__TASK REQUIREMENTS__
Every line of the records must be repeated exactly; pictures stay out.

__Crawled caption data__
┌──

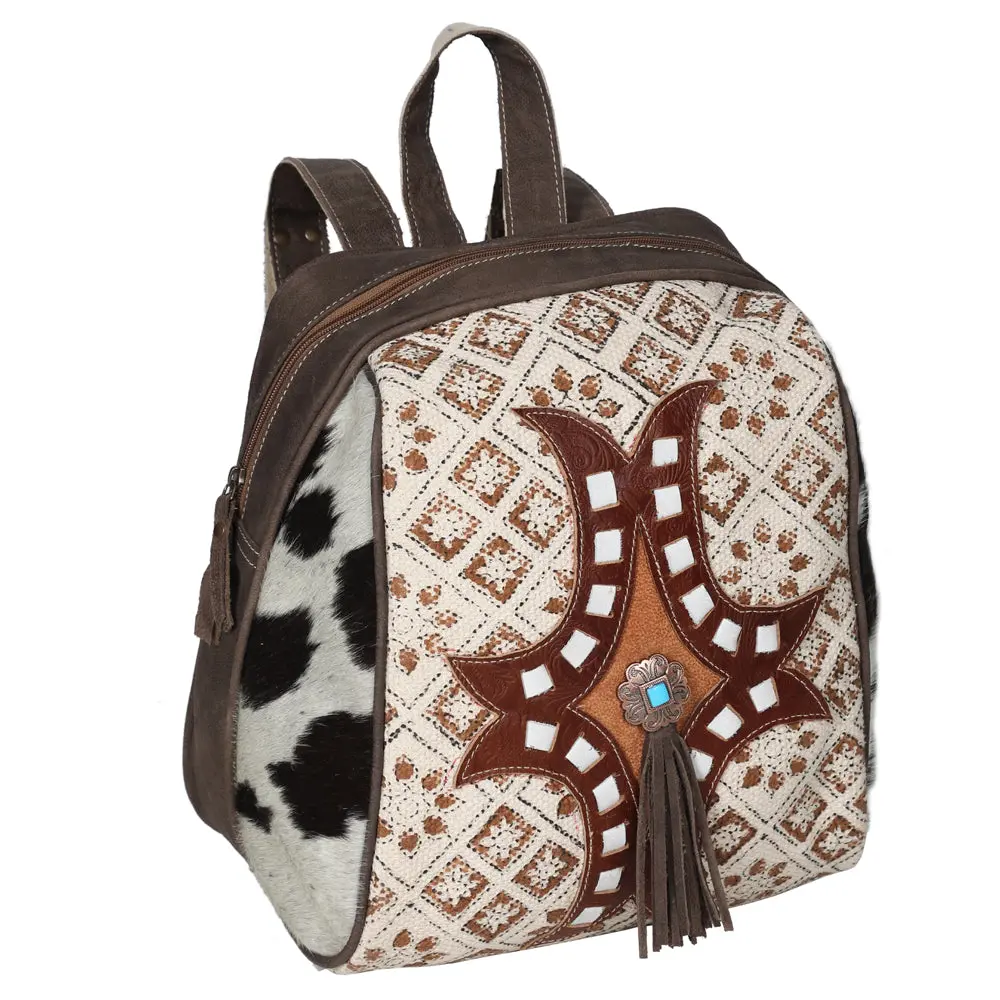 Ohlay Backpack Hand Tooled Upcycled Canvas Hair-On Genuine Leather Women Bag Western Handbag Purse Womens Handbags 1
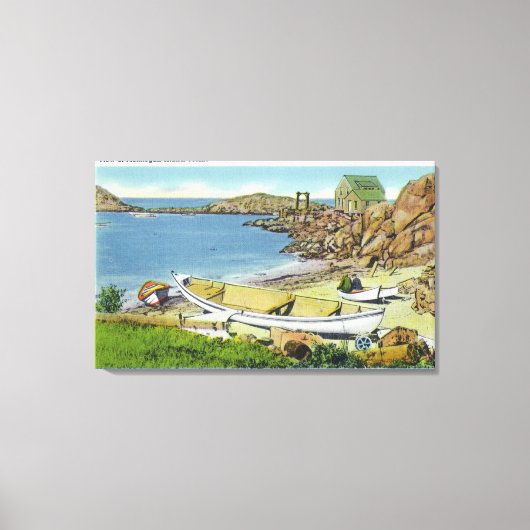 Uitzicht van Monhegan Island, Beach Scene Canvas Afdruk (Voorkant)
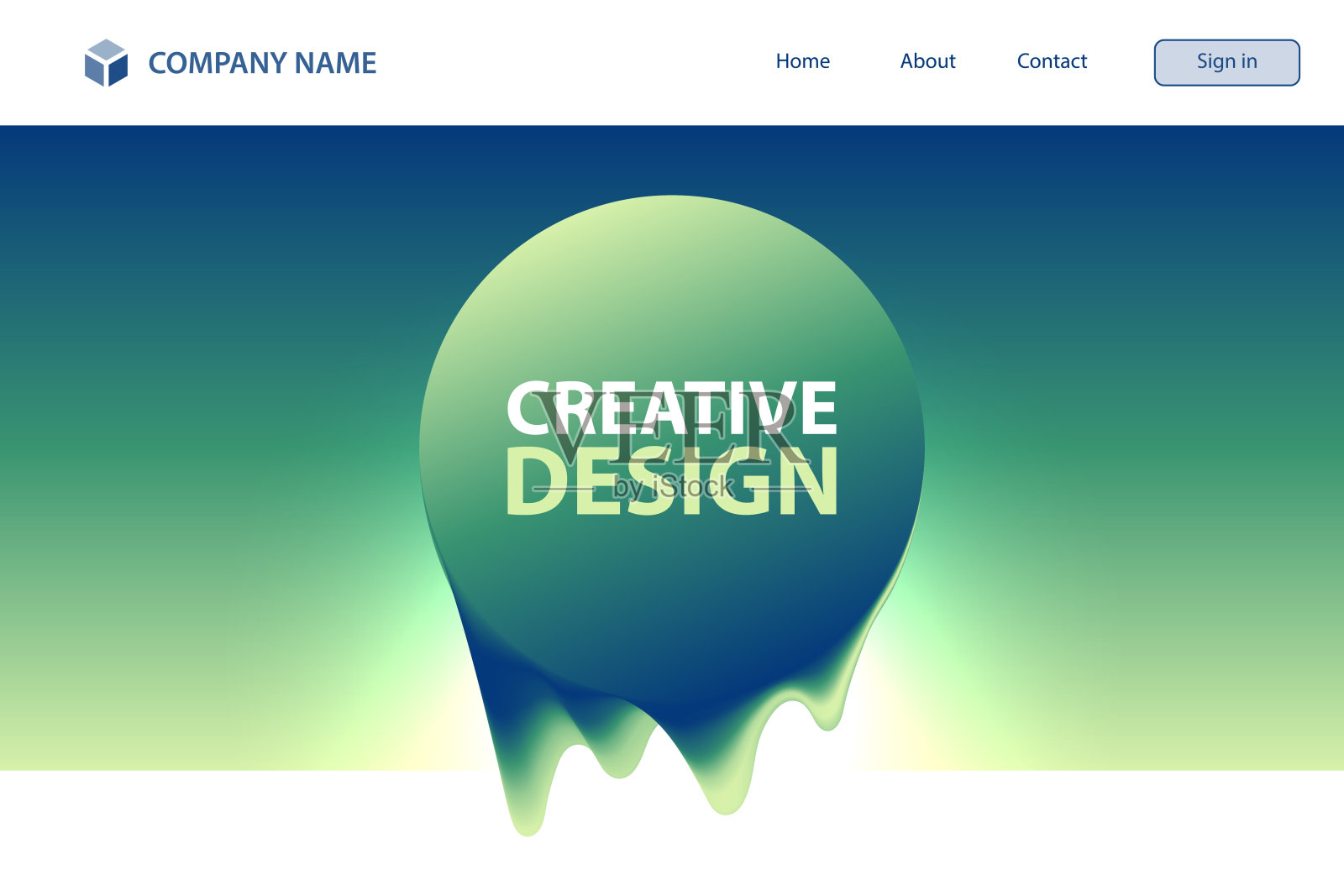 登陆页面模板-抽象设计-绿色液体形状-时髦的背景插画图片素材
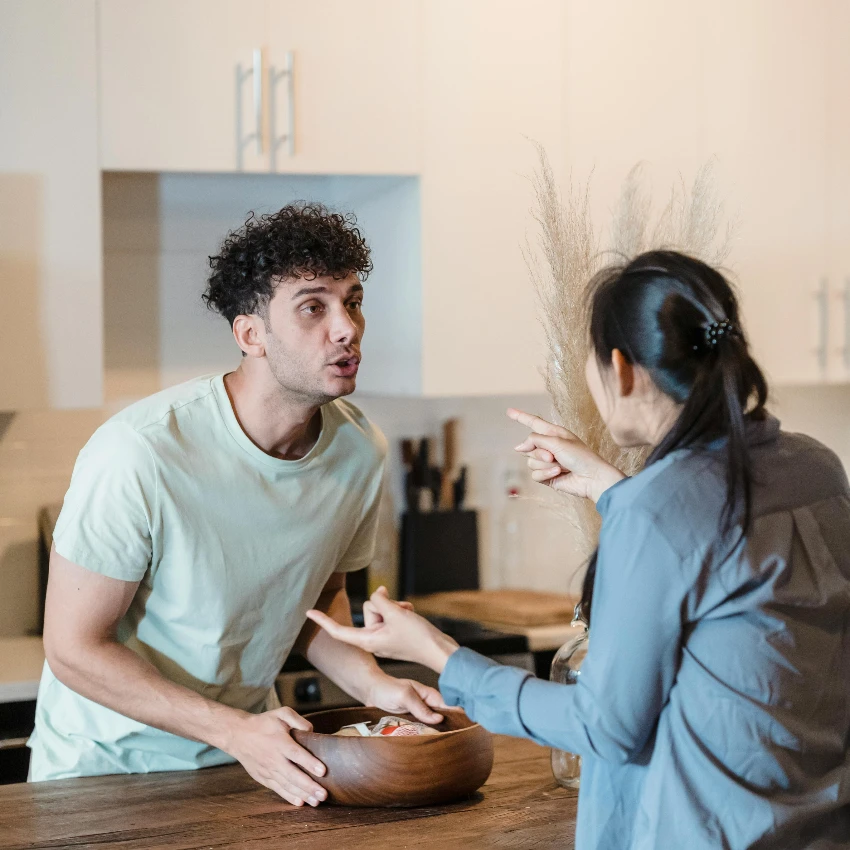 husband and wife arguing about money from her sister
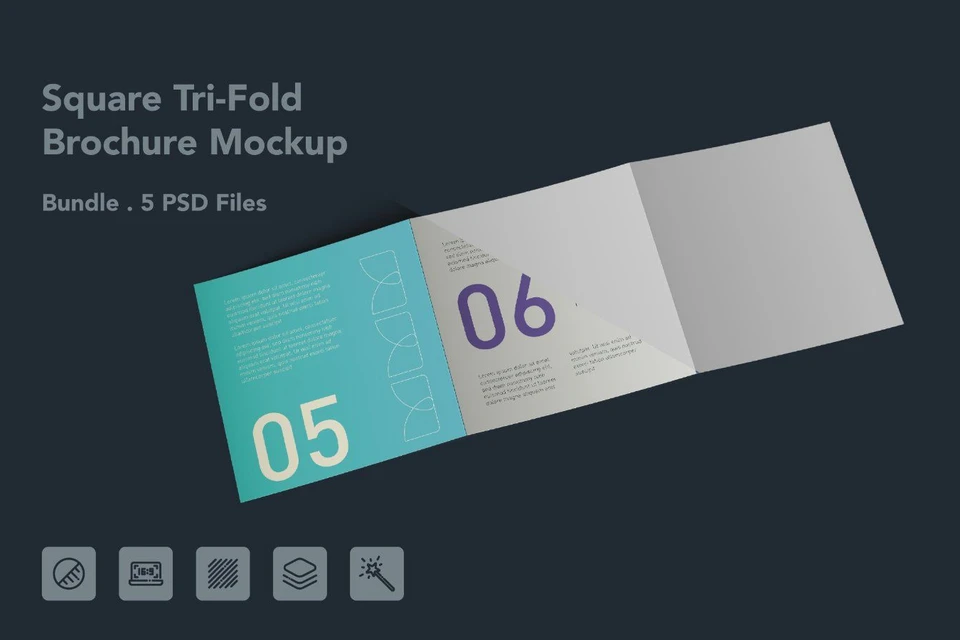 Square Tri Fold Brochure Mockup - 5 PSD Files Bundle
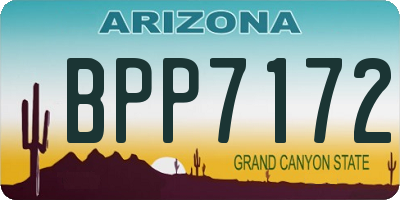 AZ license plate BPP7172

└──

__EXERCISE ANSWER__
 Ohlay Backpack Hand Tooled Upcycled Canvas Hair-On Genuine Leather Women Bag Western Handbag Purse Womens Handbags 1
 Uitzicht van Monhegan Island, Beach Scene Canvas Afdruk (Voorkant)
 登陆页面模板-抽象设计-绿色液体形状-时髦的背景插画图片素材
 husband and wife arguing about money from her sister
 Square Tri Fold Brochure Mockup - 5 PSD Files Bundle
 AZ license plate BPP7172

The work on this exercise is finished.